Nehemiah Security Risk Quantifier 4.0: Modeling shared risks across business lines
Nehemiah Security recently released version 4.0 of Risk Quantifier (RQ) — our software platform to automate cyber risk quantification — which provides enhanced ability to quantify, communicate, and manage risk across an enterprise’s various lines of business.
For large enterprises (those with multiple subsidiary companies, business units, or legal entities), understanding how risk may affect different areas of the business or cascade throughout the organization has been a very labor intensive and time-consuming exercise to quantify and manage.
Version 4.0 builds on earlier versions, automating risk quantification, with enhancements to model shared risks across business lines or cascade risk down from corporate to subsidiaries or lines of business. This provides a more comprehensive view of the risk and the ability to measure its full value.
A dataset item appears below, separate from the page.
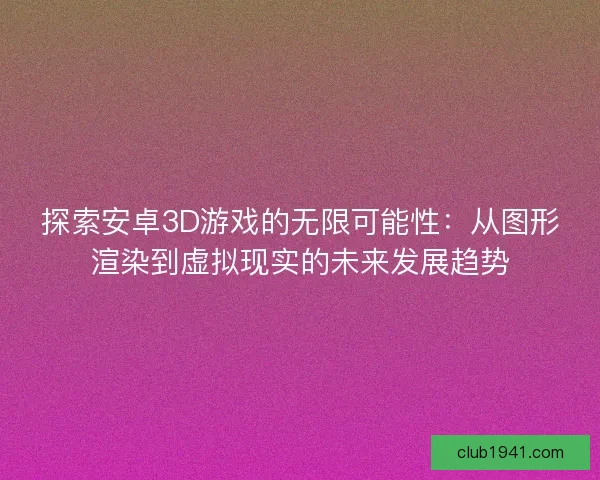 探索安卓3D游戏的无限可能性：从图形渲染到虚拟现实的未来发展趋势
Quickly pinpointing the effects of an attack or a mitigation decision has challenged large enterprises. A common question we were being asked was “if I make an investment in defense in one area of the business, how does that affect other areas?”
With version 4.0, RQ can now show organizations the systemic or cascading risks that cyber-attacks can cause and provide insight into how to mitigate those risks—complete with ROI calculations.
Key features of version 4.0 include:
- Ability to pinpoint which entity, line of business, or division faces the highest impact cyber attack
- Analysis of cascading (or systemic risk) across multiple entities or lines of business
- Insights and visualization of how losses may change under these more comprehensive modeling techniques
- Simplified licensing that enables large enterprises to quickly and easily scale up to handle new business needs, including re-prioritization based on increased work from home (WFH) or mergers and acquisitions (M&A)
- API access to impact vectors
This release is critical as large enterprises must agilely respond to the dramatic shifts that are rippling across global supply chains due to the coronavirus and its widespread impacts.